Aparte de la muerte, que me había rozado varias veces y que volvería a poner el contador a cero, ¿qué más me quedaba por descubrir?

Mi madre me habló de una dama que había fallecido tras ingerir una seta venenosa. Pregunté qué edad tenía. «Cuarenta y nueve años», respondió ella. Siete veces mi edad: ¿qué clase de broma era ésa? ¿Cuál era el problema de morir después de una vida de una longevidad tan descabellada?

Sentí vértigo ante la idea de que la providencial seta quizá se cruzaría en mi camino a una edad tan lejana: ¿acaso era necesario padecer siete veces mi vida antes de llegar al término?

Me tranquilicé: fijé mi defunción a los doce años. Un profundo alivio se amparó de mí. Doce años, era una edad ideal para morir. Había que marcharse antes de que comenzara el proceso de decrepitud.

Dicho esto, me quedaban cinco años por delante. ¿Me aburriría?

Recordé que a los tres años, justo antes de mi intento de suicidio, había experimentado esa repulsiva convicción de haberlo vivido todo.

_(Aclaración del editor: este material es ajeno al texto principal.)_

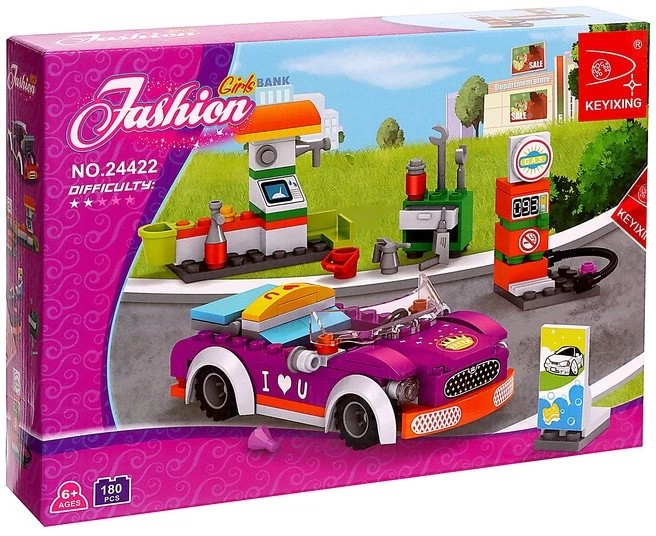 Игровой конструктор, Keyixing, 24422, Мир Чудес, Стильная заправочная станция, 2 минифигурки, 190 де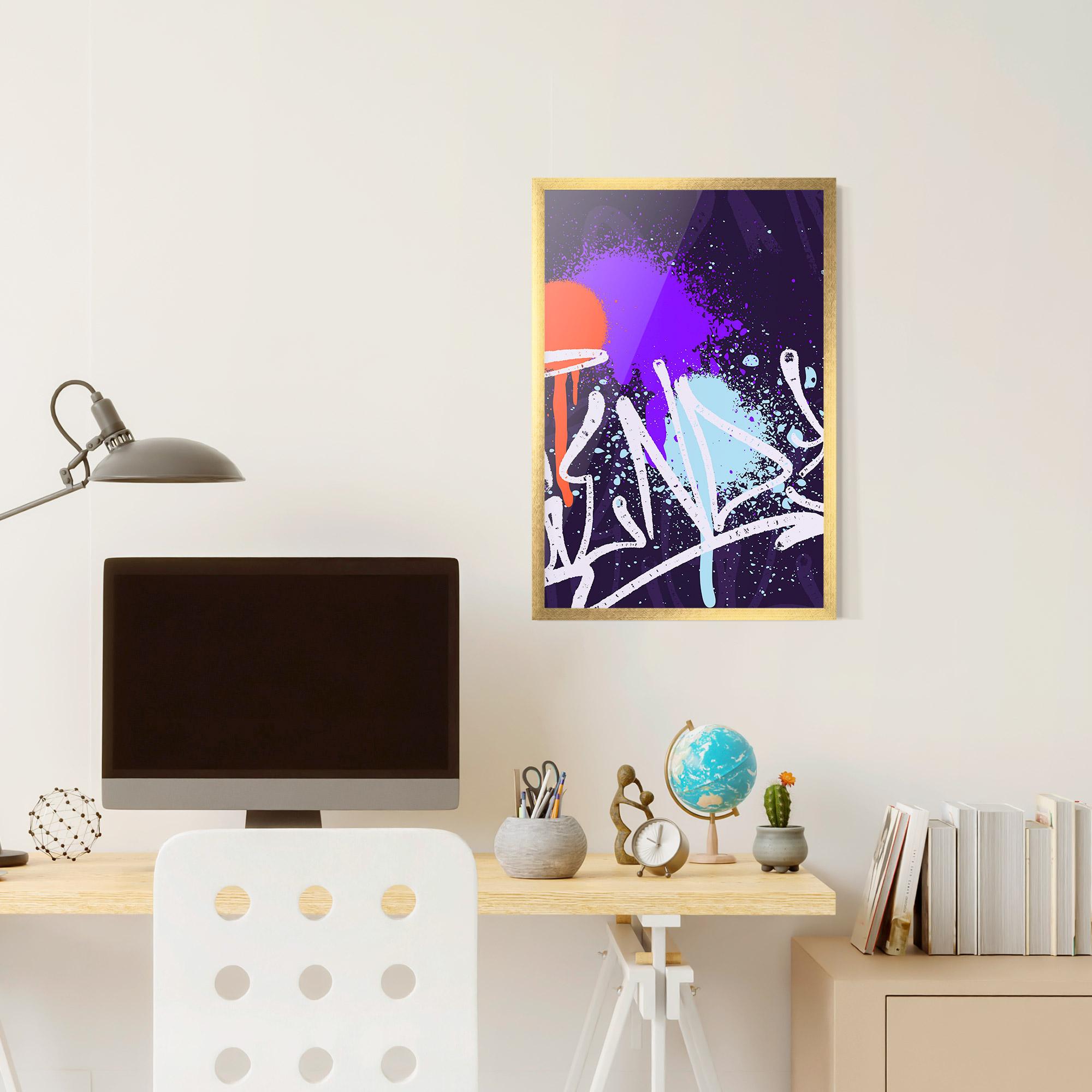 Poster Înrămat Purple Blue Graffiti mockup 6
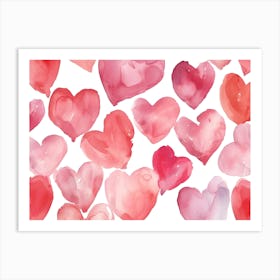 Watercolor Hearts Art Print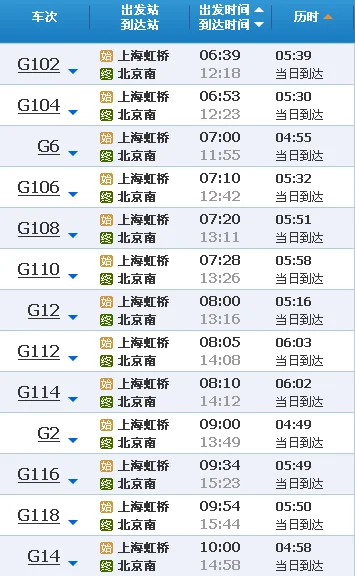求上海至北京高铁时刻表（上海虹桥到北京南高铁时刻表）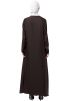 Brown Embroidered Readymade Abaya In Nida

No obstante, si bien es cierto que en aquel pretérito momento no me quedaba nada por aprender respecto a la suprema desilusión de la ausencia de eternidad, no por ello había dejado de descubrir, desde entonces, aventuras que merecían la pena. Por ejemplo, me habría perdido la guerra, cuyo placer no tenía parangón.

Así pues, no había que excluir que todavía pudiera conocer aquello que aún no había experimentado.

Ese pensamiento era a la vez agradable y frustrante. La curiosidad me carcomía: ¿cuáles serían esas cosas que mi espíritu no conseguía aprehender?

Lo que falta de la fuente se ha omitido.